"Nasılsanız, öyle idare edilirsiniz" hadîs-i şerifinin mefhum-ı muhalifi şu: Yönetici olarak siz ne yaparsanız yapınız, insanınızı iyi yeliştirememişseniz, başarınız onun hak ettiğinden ileri geçemez. Kitaplık çaptaki bu mucizevî ve hikmetli sözün haklılığını isbat eden o kadar çok tezahür var ki!..
Alınız şu "irtica" fobisini!.."Din"e ve din adamına yüklenmek için icad edilen bu silâh o kadar hesapsız kullanılıyor ki, ortada gerçek irtica diye birşeyler varsa, bu hamakat sebebiyle keyfinden dört köşe...
Muammer AKSOY Öldürüldü, mangalda kül bırakmadık, "irtica"ya lanetler yağdık. Sonunda, altından başka şey çıktı... Çetin EMEÇ için de öyle... Katili yine aynı peşinfikirlilikle "din" adresinde aradık. Onun arkasından da başka şey çıkacağı belli idi, öyle oldu... Bazıları hızını atamadı, eski plakları çevirmeye başladı: "Türkiye'de şu kadar imam-hatip lisesi, şu kadar Kur'an kursu, şu kadar öğrencisi var" diye... Falanca fakültenin "kamu yönetimi" bölümü öğrencilerinden bazılarının menşei konusu da bir eski plak ki, dönmeye devam ediyor.

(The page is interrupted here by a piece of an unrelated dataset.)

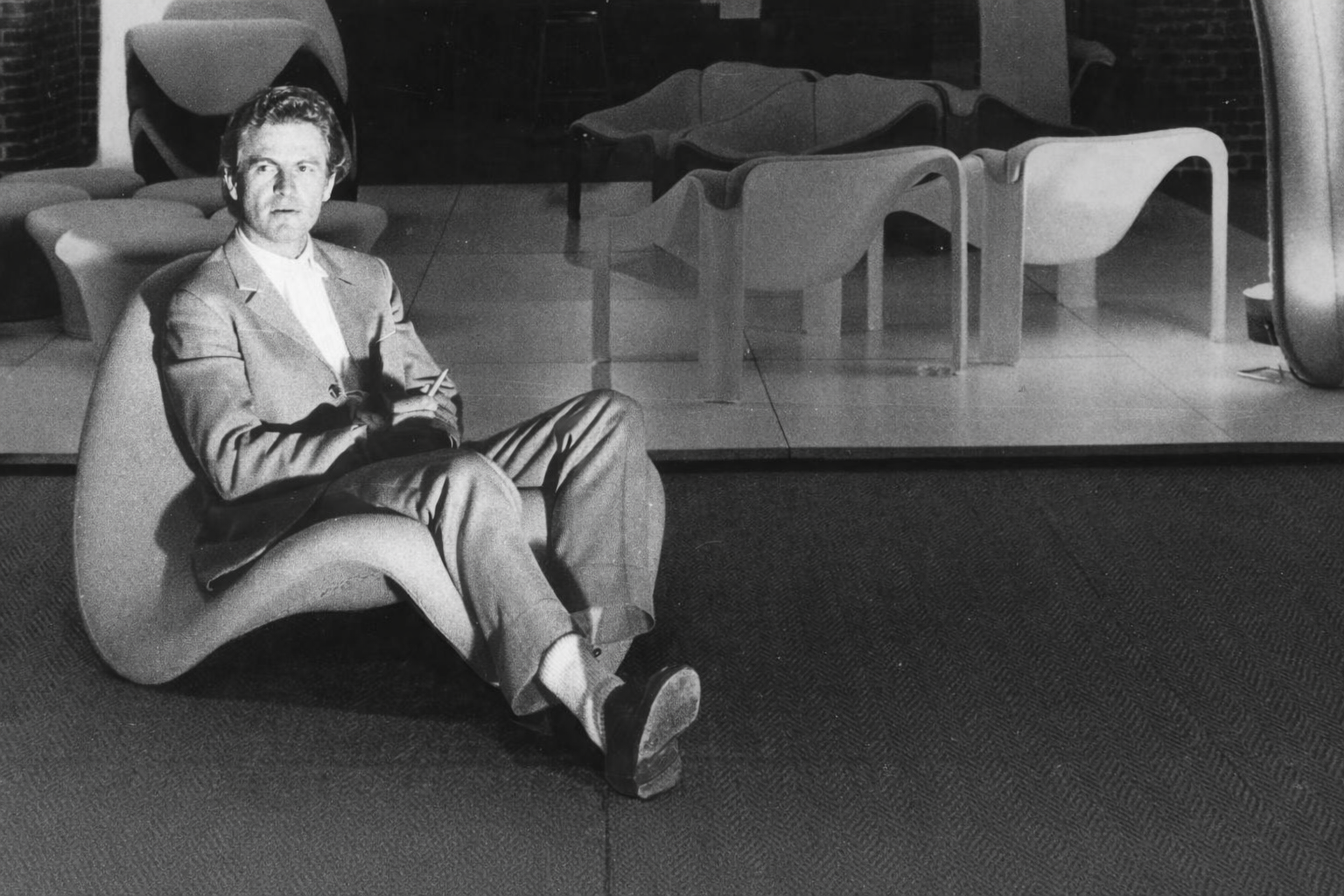 Pierre Paulin assis sur un de ses fauteuils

Bir kişi düz veya başka bir "lise"yi bitirirse vatanperver olacak, "imam-hatip lisesi"ni bitirirse başka bir şey olacak öyle mi? Bu kafaya ne denir?..
"Din" ve sade dindar vatandaşa karşı olan bu peşinfikirlilik tezahürü, "devlet" kalkanı ile ve devlet hesabına da yapılsa inanmayınız!.. Bunların "devlet"le falan bir ilgileri yok. Yaptıkları, kendi şahsî temayüllerine "masum" devleti kalkan yapmaktır. Zira "devlet" müdîr fikri etrafındaki külli bütünlüğe zarar vermektedirler. "Devlet" ile "din"i birbirine düşürmek; "devlet" etrafındaki bütünleşme ile "din" etrafındaki ittifakı parçalamak az şey midir?.. İşte onu yapıyorlar. Bu kafayla nereye varırsınız?.. Türkiye'yi iyiye götürmekle muvazzaf bir yönetici olsanız, bu kafaya ne yaparsınız?..

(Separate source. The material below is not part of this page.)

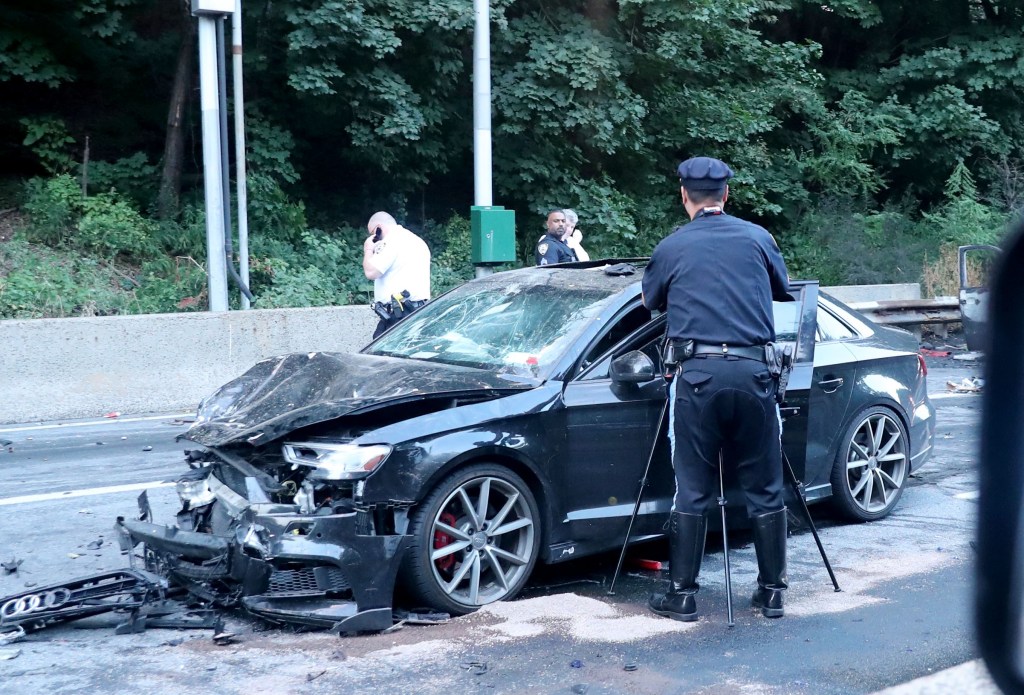 A severely damaged car at the scene of the fatal accident.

İrtica fobisi, bazılarının müptelâ olduğu bir onmaz hastalık, bu doğru... Ortalıkta dolaşan bu marazi ruh haline artık fazla aldıran da yok. Bu da doğru. Fakat bir başka doğru var ki, "din" gibi, "devlet" gibi ortak değerleri bunların tasallutundan kurtarmak lâzım...

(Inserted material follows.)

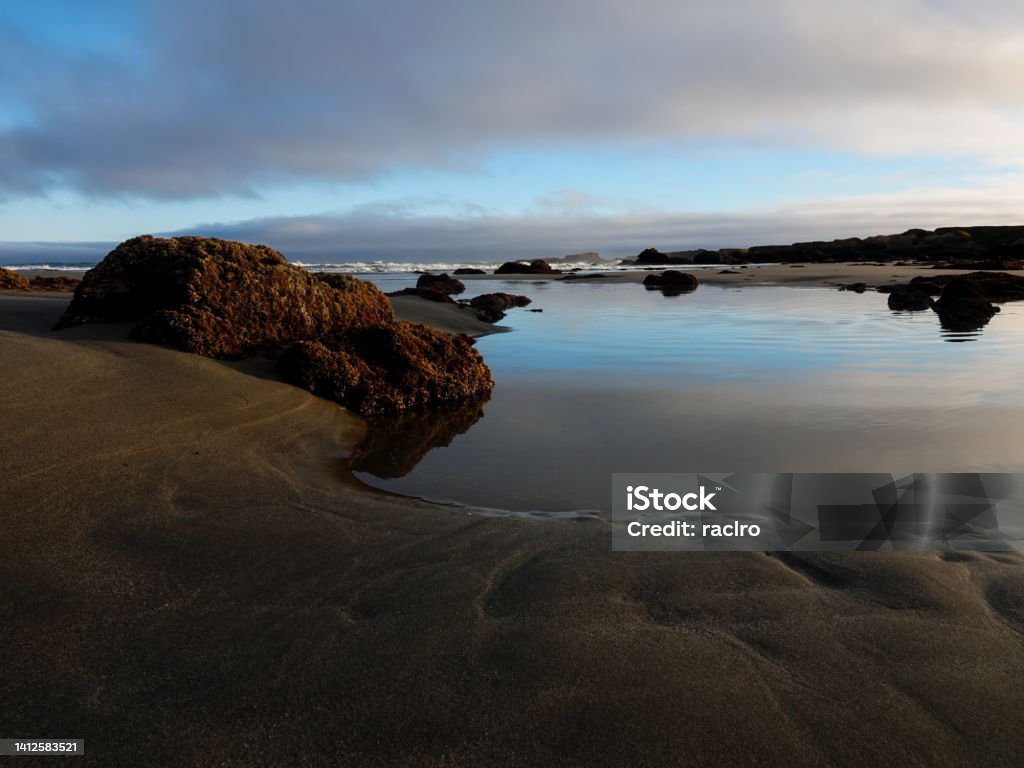 California beach and tide-pools in early morning light. Beach Stock Photo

"Din" adına devlet şahs-ı manevîsine saldırmak ne kadar yanlışsa, "devlet" adına dine saldırmak da o kadar yanlış, daha büyük yanlıştır. Zira "devlet"i savunuyorum diye yola çıkan bu "miloslu"ların yaptıkları, dönüp-dolaşıp, yine devlete zarar vermektedir. "İrtica" adında bir hayalî hedef tayin edip, o hedefe "Donkişot"vari saldırıya geçmenin faturası, maalesef "devlet"e kesiliyor. Bir taksiri olmasa da...
Bu da, devlete karşı gayr-ı memnunları çoğaltıyor. İmam-hatip lisesi, Kur'ân kursu diyerek, habire, hem de "devlet" namına saldıran bu resmî müesseseler ve onların tertemiz mensupları, bu saldırılara bakıp, "devlet"e karşı olumsuz tavır almıyorlarsa, bu onların, saldırıyı yapanlardan daha vatanperver olmasındandır.
"İrtica"yı ararken, en büyük müşterek değer olan ulvî "din"e ve onun münezzeh mensuplarına saldıranlar zahmet edip bize gelsin, asıl tehlikeyi biz onlara gösterelim. İrtica fobisini hobi haline getirmek... Bir tehlike de bu olsa gerek...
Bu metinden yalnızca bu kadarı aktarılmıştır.